The core issue that makes managing a population’s health is that by asking providers to carry out population health management, we’re asking them to take on activities that are outside their traditional role, training and daily workflow. It requires checking in with patients outside of the clinical setting and addressing barriers such as financial issues, transportation issues, mental health problems, health literacy issues and abnormal readings from home devices. How can they do this when their clinic is already full of patients? Well, technology will be a big part of the answer, but as we saw at Acupera, it won’t be enough. However, the better the technology gets in off-loading more and more from the providers’ to-do list, the more likely it will be that providers take it up and successfully execute these programs.

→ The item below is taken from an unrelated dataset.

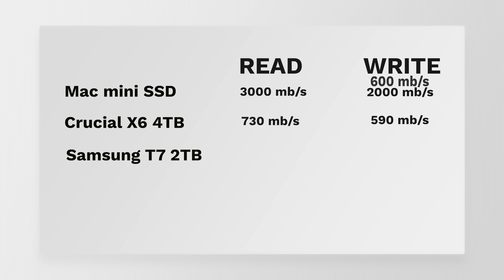And the T7 has a write speed of 600 megabytes per second and 700 megabytes per second read. In theory, one would think that the Mac mini should at least do a bit of an improvement if we're talking about exporting a 4K file, right?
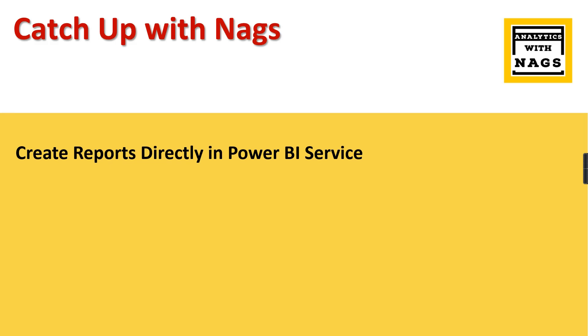Welcome to Analytics with Nags. This is another video in the Catch Up with Nags series where I'm going to talk about creating reports directly in Power BI service. Yes, you heard it right - we can directly create reports in Power BI service, provided certain limitations that we're going to discuss in this video.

What if a lot of the checking-in, numerical analysis and education could be done automatically? What if the data could be collected passively or with minimal effort? Algorithms could then analyze the data and figure out what needs to be done, address basic issues, create plans and assign activities to the appropriate resources.
This is where sensors, wearables, AI and telehealth come in. As these technologies mature and their use cases become better formulated, they can become the cornerstone of population health management. They can take on the extra work that the providers are unable to do at scale. This means that in the near future, we should be able to identify and manage health risk much better and at scale, improving people’s health at a fraction of what we’re spending today.
One of the reasons why AI-based digital health tools have the potential to be so valuable to us is that they have the potential to remove the access barriers that are stopping us from reaching more people. Better still, AI can help to reduce the day-to-day load of managing chronic conditions, both for the provider and the patient. In my opinion, the key reason for the mixed results of population health programs so far is the fact that ongoing care management requires many activities to be performed by the patient and the care team and there’s just not enough people or time to do it all. Providing intelligent automation that takes care of a lot of these tasks would go a long way towards ensuring the success of these programs.
This is one of the areas where I’m the most optimistic about generative AI (e.g. ChatGPT) in healthcare, because it could eventually power meaningful interactions with patients. If responding to patient questions can be handled by generative AI, that removes the burden of the care team having to respond to every patient issue. And if generative AI can create discharge summaries and make patient care plans more personalized, it will improve the odds of patients adhering to those plans. When a telephone encounter is created, the assigned nurse will be able to use generative AI to create a response based on the patient’s message. The tool will provide recommendations based on what the patient is calling for, the nurse will review the choices, select the response and add it to the record with a single click.